Recommittal on report
The Senate may recommit a bill to a committee of the whole, that is, refer it back to the committee for further consideration.
When the motion for the adoption of the report of the committee of the whole is moved, a superseding motion may be moved that the whole or part of the bill be recommitted (SO 121). The motion for the recommittal of a bill may set out the particular clauses or matters in relation to the bill which the committee is to consider (15/8/1974, J.166; 15/6/1989, J.1895-6). The recommittal motion may be debated and relevantly amended.
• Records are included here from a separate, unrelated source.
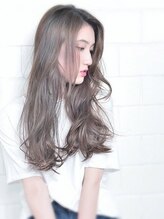 深みと透明感を両立。『褒められ髪』に馴染むペールカラーで新革命を！ダメージレスにトレンドカラーを♪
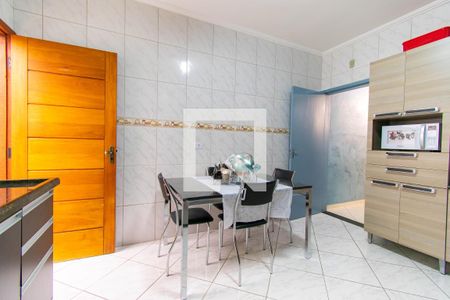 Casa à venda com 80m², 2 quartos e 2 vagasCozinha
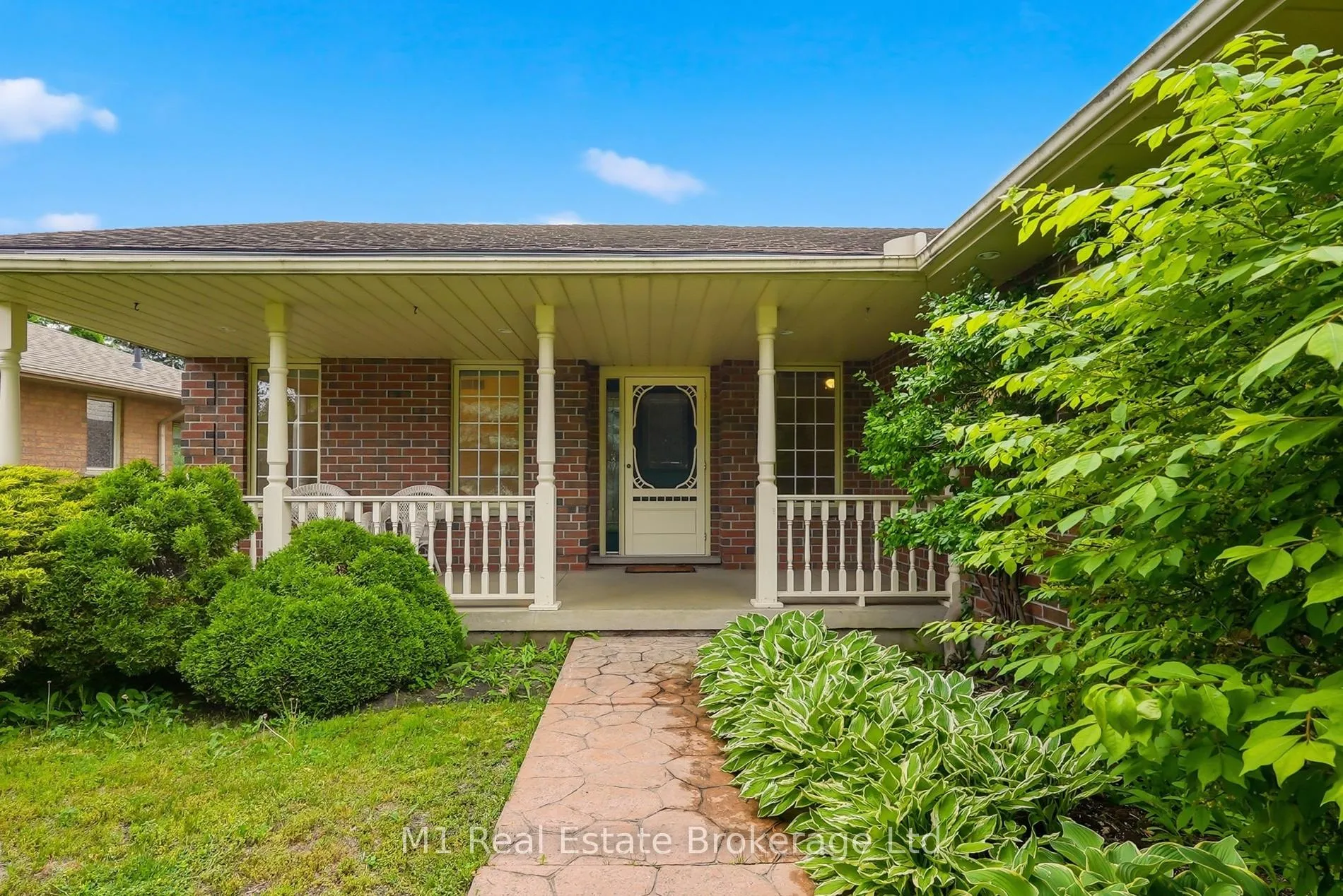 Photo 3 of 56 Wellington Drive, Centre Wellington, Elora/Salem — HOMEH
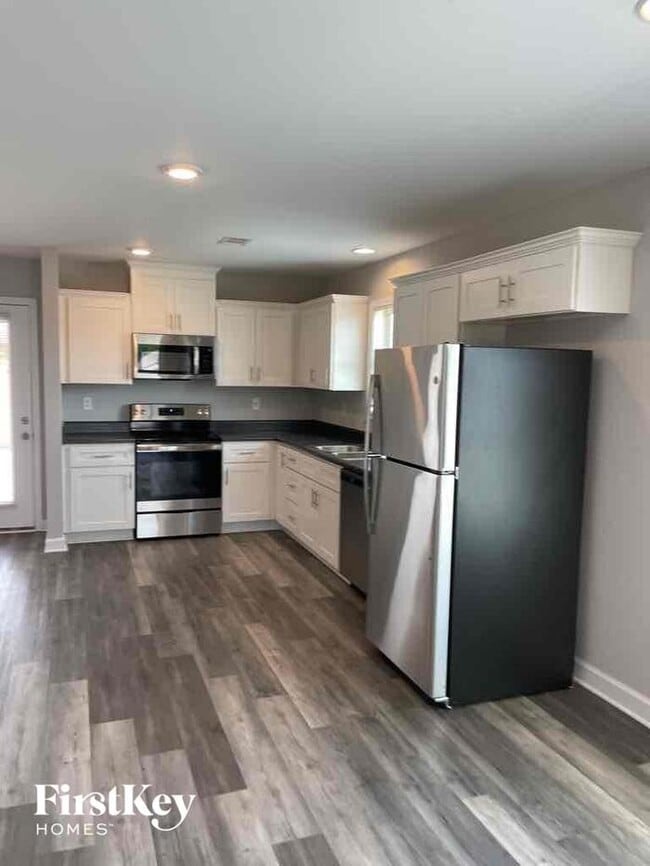 Building Photo - 155 Castlebar Cir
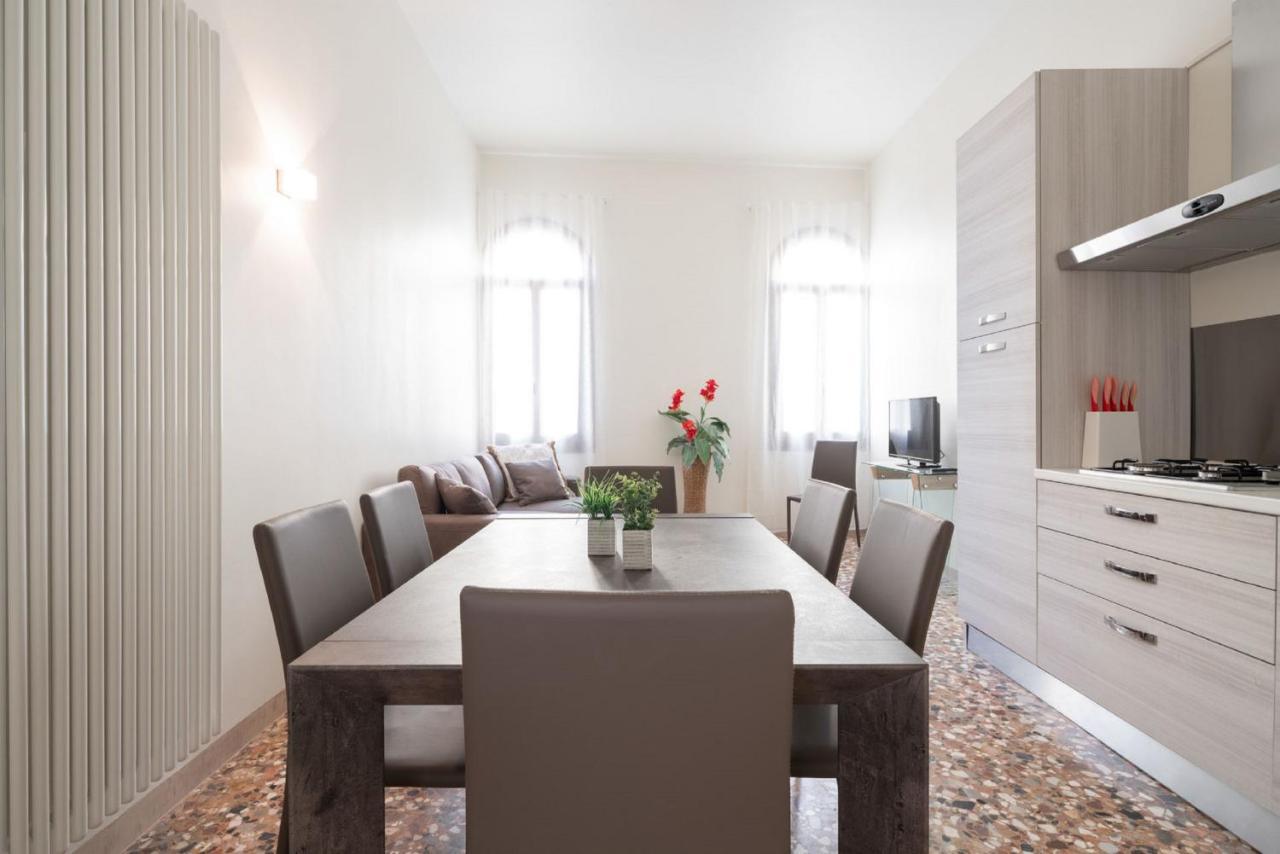 Apartment Accademia Charm By Wonderful Italy Venice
A bill may be recommitted more than once (26/2/1932, J.19-20, 23).
A senator who has unsuccessfully moved a motion for the recommittal of a bill and a senator who has spoken to it may speak again to the motion for the adoption of the report of the committee (ruling of President Gould, SD, 1/10/1909, p. 4022).
The Senate, under this procedure, could recommit to the committee of the whole a bill which has been negatived in committee. On the principle that the committee of the whole is a subordinate body, the Senate may instruct the committee to reconsider a bill which the committee has, in effect, rejected. It may be argued, contrary to this conclusion, that if a committee of the whole, which after all has the same membership as the whole Senate, has taken the significant step of rejecting a bill, the bill should not be revived except by motion on notice, as with a bill rejected at the second reading. On the third of the occasions referred to above when a bill was negatived in committee, it was referred back to the committee only by a special motion moved pursuant to a suspension of standing orders. This was done, however, partly because the report of the committee of the whole had already been adopted. As was indicated above this question should not arise because it is not logical for a bill to be rejected in committee of the whole.
A bill may also be recommitted on the motion for the third reading (see below).